Mort d’un anarchiste !

Pierre Morain est mort le 27 mai 2013 au Larzac où il résidait avec son épouse Suzanne depuis les années soixante-dix. Tous deux participaient à la lutte des agriculteurs du plateau contre l’extension du camp militaire. Au moment de son installation sur le plateau, Pierre Morain comptabilisait alors déjà de nombreuses années de militantisme. Jeune ouvrier du bâtiment dans la région parisienne au début des années cinquante, il militait à la Fédération Communiste Libertaire (FCL) et appartenait à son cercle le plus restreint, « l’Organisation Pensée Bataille » emmenée par Georges Fontenis.

C’est à ce titre qu’il fut envoyé dans le Nord en avril 1955 à la demande du Mouvement National Algérien avec mission d’organiser un comité de soutien aux militants algériens. Les contacts entre Messali Hadj et la FCL étaient alors étroits via l’intermédiaire de Daniel Guérin, qui se réclamait à la fois du communisme libertaire et de la lutte anticolonialiste [1]. Pierre Morain expliquait que, se retrouvant à Roubaix, il n’avait pas eu vraiment le temps de trouver des contacts dans les milieux métropolitains. En revanche, il fut rapidement adopté par les Algériens de Roubaix, travaillant le jour comme manœuvre terrassier chez Carette-Duburcq et diffusant le soir et le week-end Le Libertaire dans les cafés algériens. Le journal consacrait une large place à l’activité des révolutionnaires algériens et Pierre Morain rédigea plusieurs articles importants consacrés à la vie quotidienne des Algériens de Roubaix.

Il fut partie prenante des événements du 1er mai 1955 à Lille au cours desquels les Algériens du Nord encadrés par le service d’ordre messaliste affrontèrent pendant cinq heures les charges des forces de police et de gendarmerie mobile qui tentaient de s’emparer des banderoles proclamant l’Algérie libre et des portraits du Zaïm. Pierre Morain participa aux affrontements aux côtés de ses camarades algériens. Repéré par les différents services – il signait de son nom les articles publiés dans Le Libertaire – il fut contrôlé par des douaniers (la bataille de la frontière entre nationalistes algériens et forces de l’ordre commençait) le 23 mai. Le 24 mai, il fut interpellé par la DST puis relâché.
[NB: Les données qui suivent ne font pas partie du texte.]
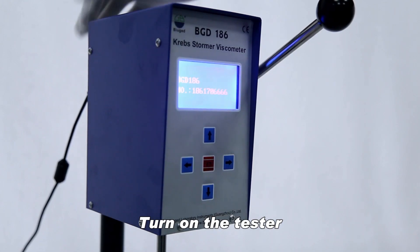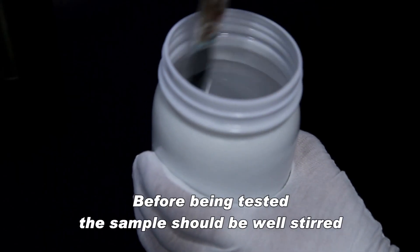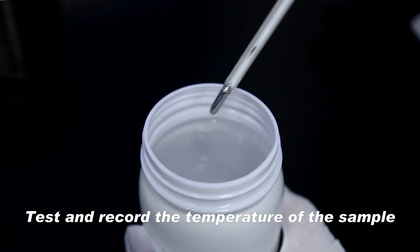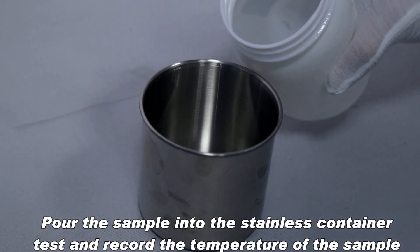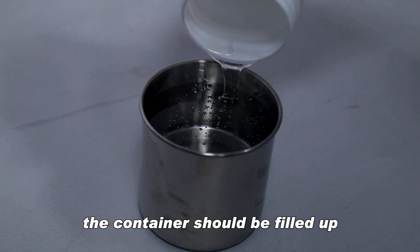Turn on the tester. Before being tested, the sample should be well stirred. Test and record the temperature of the sample. Pour the sample into the stainless container, test and record the temperature of the sample — the container should be filled up.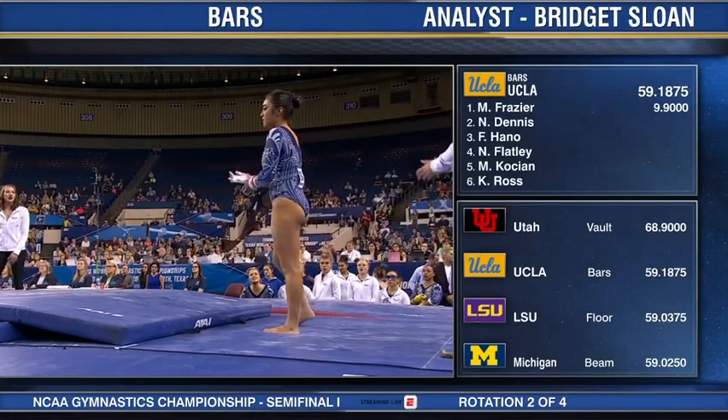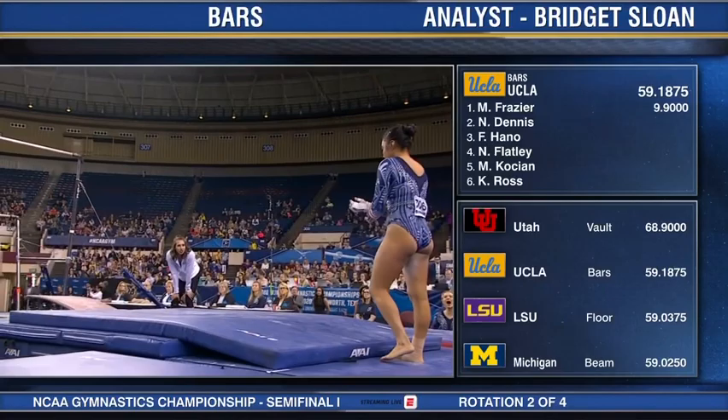And I was right, a 9.9. Right now UCLA has two 9.9s to start things off.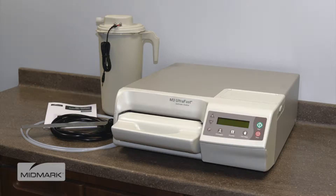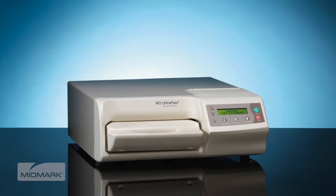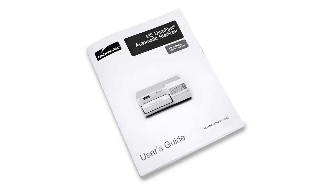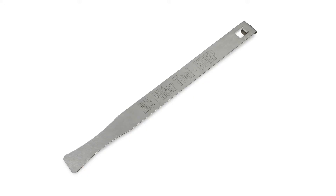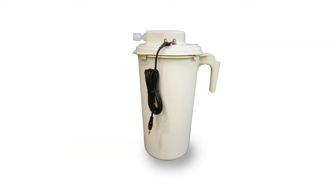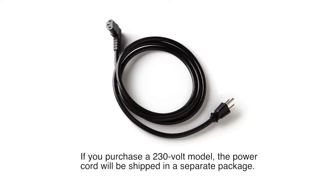Included with the M3 Ultrafast Automatic Sterilizer purchase, you will find the M3 Ultrafast Unit, M3 User's Guide, Quick Reference Guide, and User Training CD, Filter Change Tool, Drain Hose, External Condensing Tank and Tubing, and a Power Cord.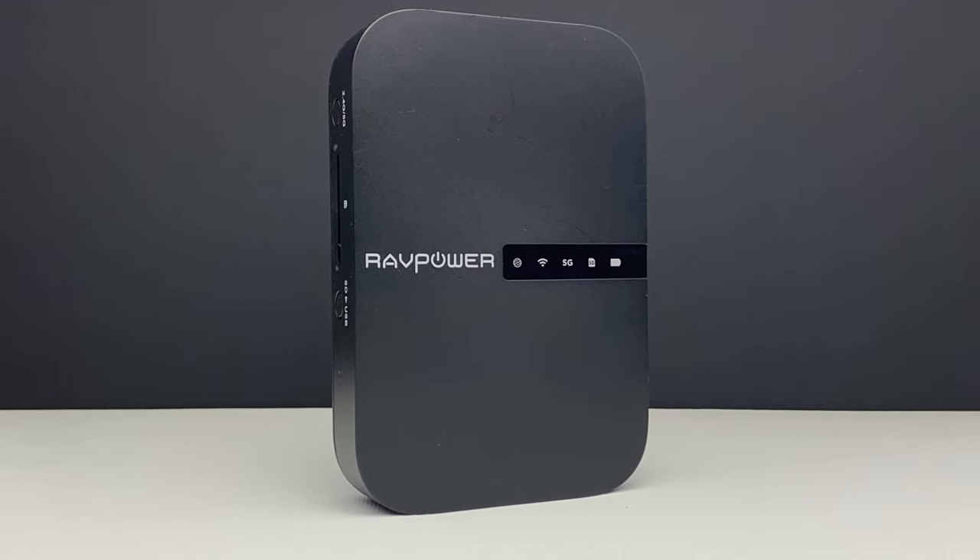This is a gadget with multiple talents. It can be used as a standalone access point for up to five simultaneously connected Wi-Fi enabled devices. It can convert a wired network to a wireless one, particularly useful if you work away and the only network access available is through one network cable plugged into your computer — you can create a wireless network from a single cable giving Wi-Fi access to five devices.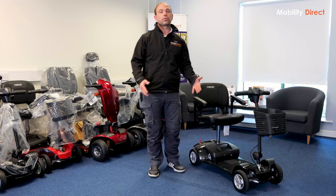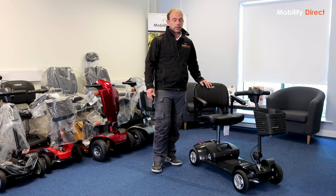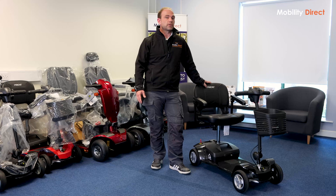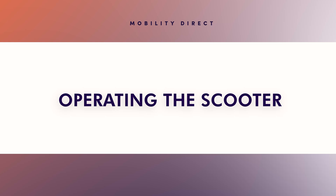If you're going to be transporting the scooter on a regular basis, you're going to notice it — it's going to make things a lot easier. They've also redesigned the seat. It's the same style of seat in a lot of ways, but they've brought the weight down. It weighs 10.4 kilograms on the Apex Light, and this one weighs 8.5 kilograms. So it's a weight saving of about 20%, which is going to make things a lot easier, especially when transporting the scooter.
Le 29 mai, Pierre Morain fut arrêté et emprisonné à Loos où il rejoignit les cadres algériens incarcérés à la suite de la manifestation. Tous étaient poursuivis pour « reconstitution de ligue dissoute ». Pierre Morain fut condamné à cinq mois de prison. Après appel interjeté par le parquet, la Cour d’appel de Douai élevait sa peine à un an de prison.
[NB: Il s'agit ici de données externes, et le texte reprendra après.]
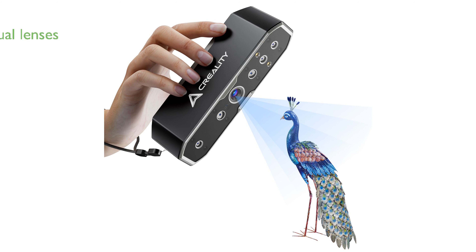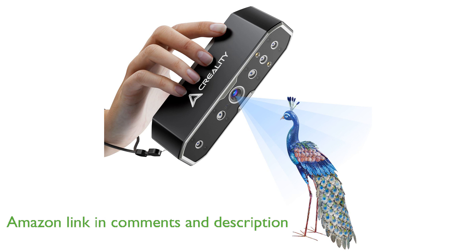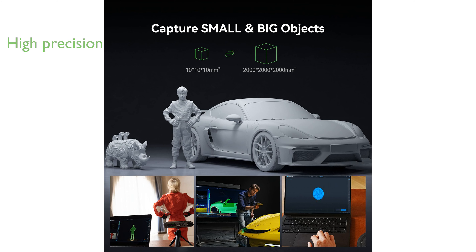The Creality CR Scan Otter Scanner is designed to capture objects of various sizes, from tiny coins to large cars, thanks to its dual lenses and wide scanning range. Utilizing advanced StructureLite stereo matching algorithms, this scanner achieves an impressive precision of up to 0.02 mm, ensuring every detail is captured with sharp clarity.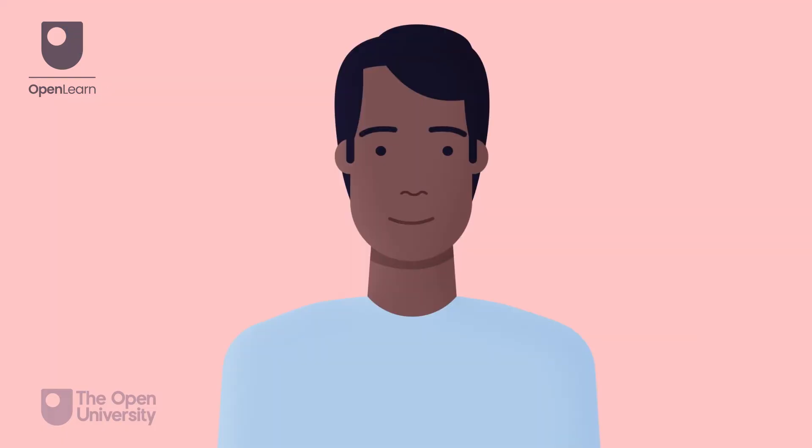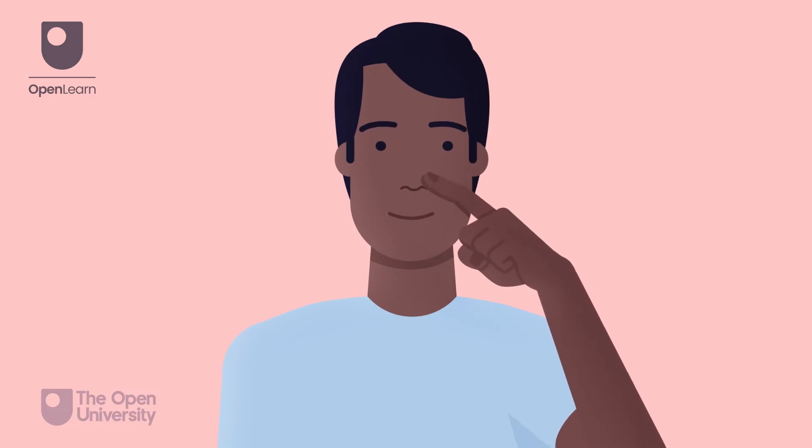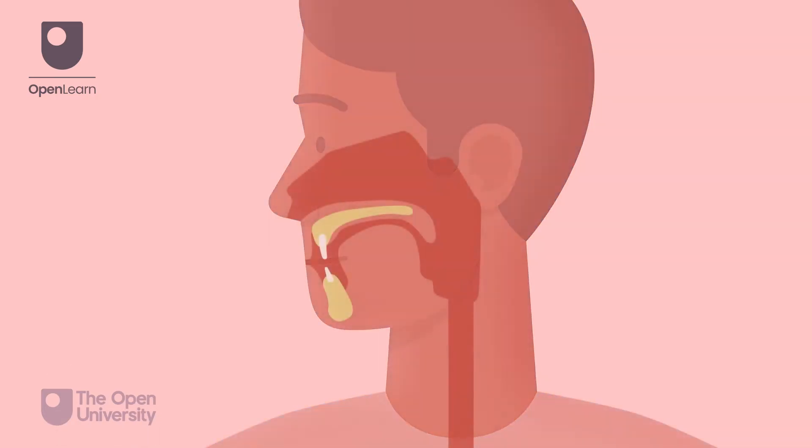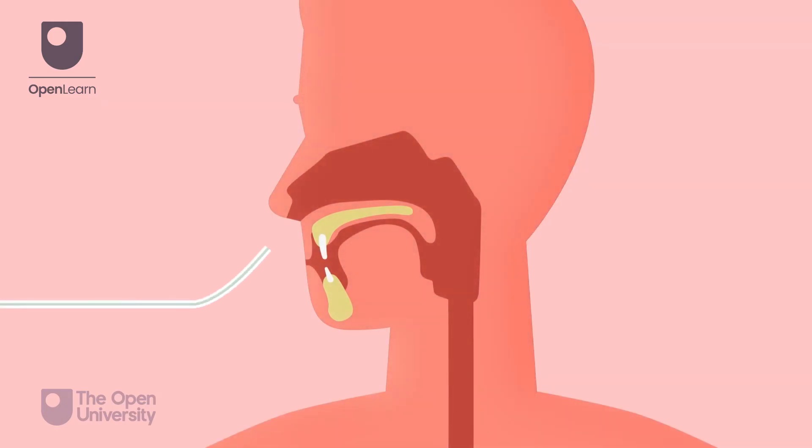Check the nostrils are patent by asking the person to sniff with one nostril closed, and repeat with the other nostril. Introduce the tube into the person's preferred nostril, sliding backwards and inwards along the floor of the nose to the nasopharynx.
La condamnation du premier « Frère des Frères » de la guerre d’indépendance algérienne en métropole passa assez inaperçue et le cas Morain sortit peu à peu de l’anonymat grâce à l’action du comité de défense emmené par Jean Cassou, Daniel Guérin, Claude Bourdet et Yves Dechezelles. Mais ce fut la prise de position d’Albert Camus dans L’Express du 8 novembre 1955 qui attira l’attention de l’opinion publique sur « la situation d’un jeune militant (…) placé sous les verrous pour avoir manifesté un mauvais esprit en matière de politique algérienne. La protestation, jusqu’à présent a été limitée à d’étroits secteurs de l’opinion. Morain ayant le double tort d’être ouvrier et anarchiste ». Rappelons que jusqu’à sa mort, Camus demeura fidèle à ses contacts avec l’anarchisme et le messalisme.

Pierre Morain quitta la prison de la Santé à la fin du mois de mars 1956 mais il demeurait sous le coup d’une inculpation pour atteinte à la sûreté extérieure de l’Etat. En janvier 1957, il participait à l’assaut donné par un groupe de « l’Organisation Pensée Bataille » contre la permanence du mouvement Poujade, rue Blomet dans le 16ème arrondissement.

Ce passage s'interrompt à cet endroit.